Soon we emerge onto a huge high plateau at 4740 ft surrounded by mountains that shoot up to 8277ft. A horse is galloping at full speed. A distinguished old man is walking. A shepherd is talking on his cell phone. Did I fall into a Fellini movie set??? I have to stop. Breathe. Enjoy. But I can’t because a hundred feet away, a little girl is waving. At me? This is all so surreal. I point at myself. She smiles and keeps waving. I look behind me. I’m alone. And spellbound. Without another thought, I make a B-line through a field to be united with her. Mike’s last words “Where … where … are you going?” No time to explain.
It takes but three seconds until I am deeply engaged in a conversation with Danielje, Anastacja’s big brother, who runs the family business with his parents. They have a restaurant and three tiny A-frame cabins. This is heaven: we have arrived. Let’s stay a while. Several days in fact.
Before we hit the road again, I get it: Anastacja is the special child!
I take my bag apart, throwing all of its contents on the ground under the eyes of some onlookers who must be wondering about my sanity. And there — finally: I find it: the bracelet! I am SO happy. But hardly as happy as Anastacja herself.

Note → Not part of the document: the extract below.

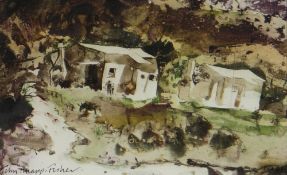 JOHN KNAPP-FISHER mixed media - Continental buildings with figures, signed and dated 1981, 12.5 x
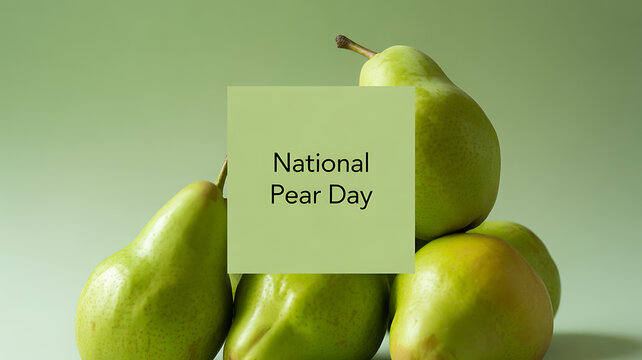 National Pear Day celebration with fresh green pears displayed against a soft green background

I tell her the whole story about Valerie, our long friendship, and how she gave me the bracelet with a request to find a “special child.” She beams!
We on the other hand, left with the best of gifts: two bottles of Grandpa’s delicious wine — one which we drank with my niece Sévane in Romania, and one that traveled through nine countries and was drunk in Mike’s home, as Danielje had asked.